Dear President Trump,
I’ve decided writing to you and sending us all loving-kindness meditations has become too important to me to let go of yet. Besides, it’s highly likely I would become impossible to be around if I didn’t have these letters as an outlet for my frustration, dismay, and anxiety over what’s going on and what we are at grave risk of becoming. So here we are whether you know it or not.
The thing I want to raise up today is the issue of cruel and unusual punishment. I was talking with someone recently who has a brother in prison. He was sentenced to 25 years and since he was incarcerated 12 years ago he’s mostly been in solitary confinement for various rule infractions. He’s alone for 23 hours a day and gets one phone call a month. He is essentially confined in a cage alone with no human contact nearly all day for months on end, but really he is not alone in this. The most recent estimate of the number of people in solitary confinement in the US I could find is from 2012 and the number on any given day then was about 80,000. So really, although cruel, this punishment is quite usual.
Cruel and unusual punishment includes torture, deliberately degrading punishment, or punishment that is too severe for the crime committed. It was supposed to be banned by the Eighth Amendment in 1791.

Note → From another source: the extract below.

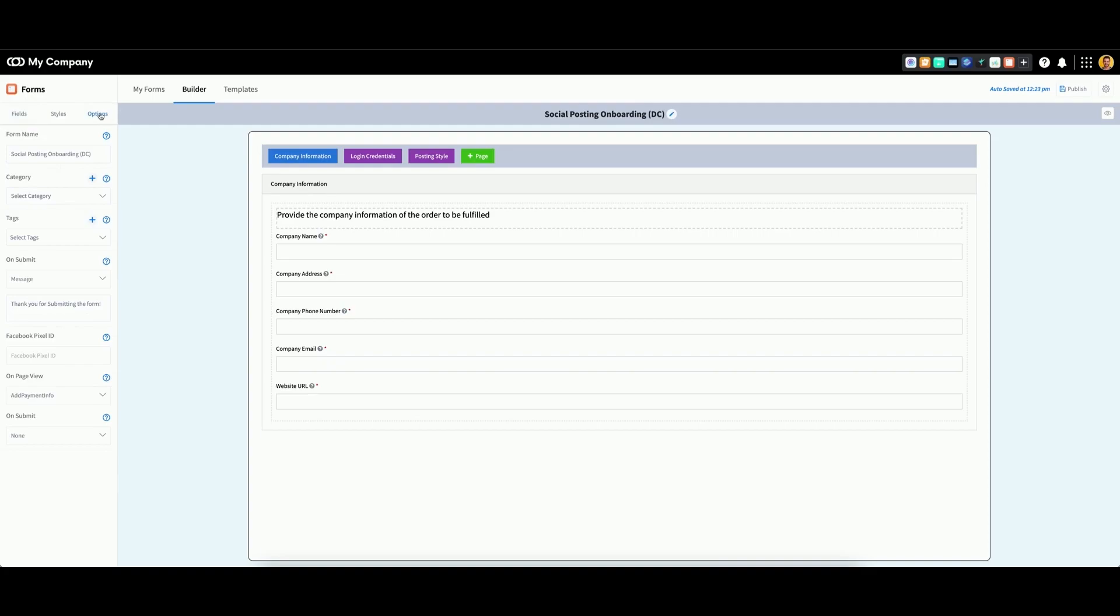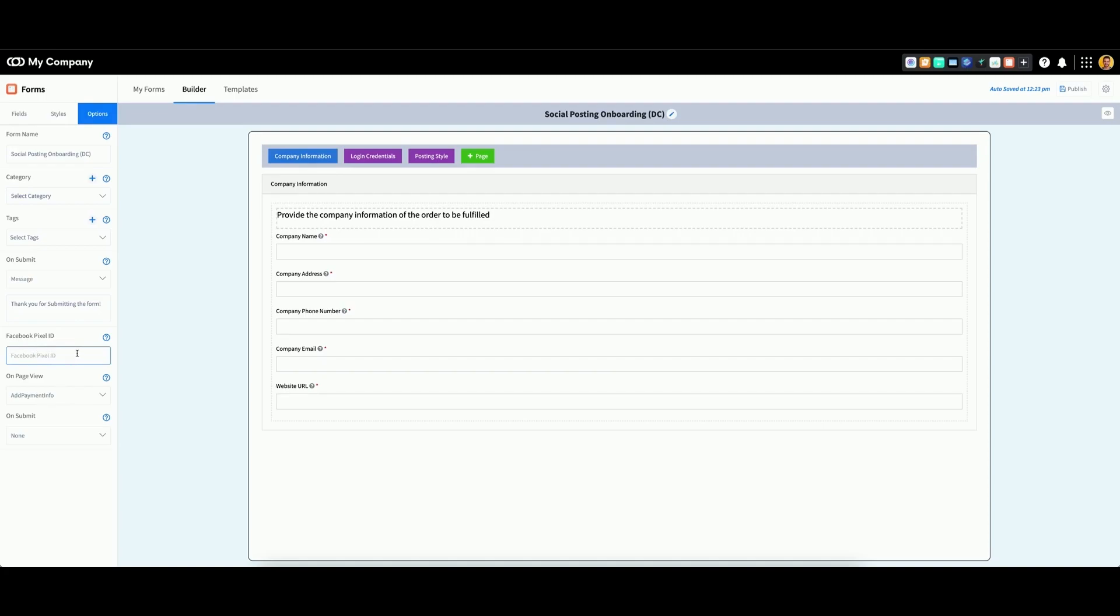Navigate down to where you see Facebook Pixel ID and input your correct Facebook Pixel ID.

I read an NPR article about a prison in North Dakota that has completely revamped how they handle solitary confinement, having realized it was not helping inmates change for the better at all. First, they stopped using it for minor rule violations, but do use it to address dangerous behavior. Second, they changed how it is structured so it includes more recreation time and several hours every day learning new skills and focusing on behavior change. The guards report that the number of violent incidents has decreased from 3 or 4 a week to 1 or 2 a year. North Dakota doesn’t face all the challenges that other state prison systems do (gang violence and sheer size). Still, there are lessons that could be extrapolated and changes that could be made if we had the will to reset and stop treating each other like expendable pieces of garbage and started valuing each one of us as the unique, invaluable, if troubled, works of art we are.
May we be safe to rethink old methods that really don’t work.
May we be happy to let go of being punitive.
May we focus instead on building health and facilitating growth.
May we be become a people that values people.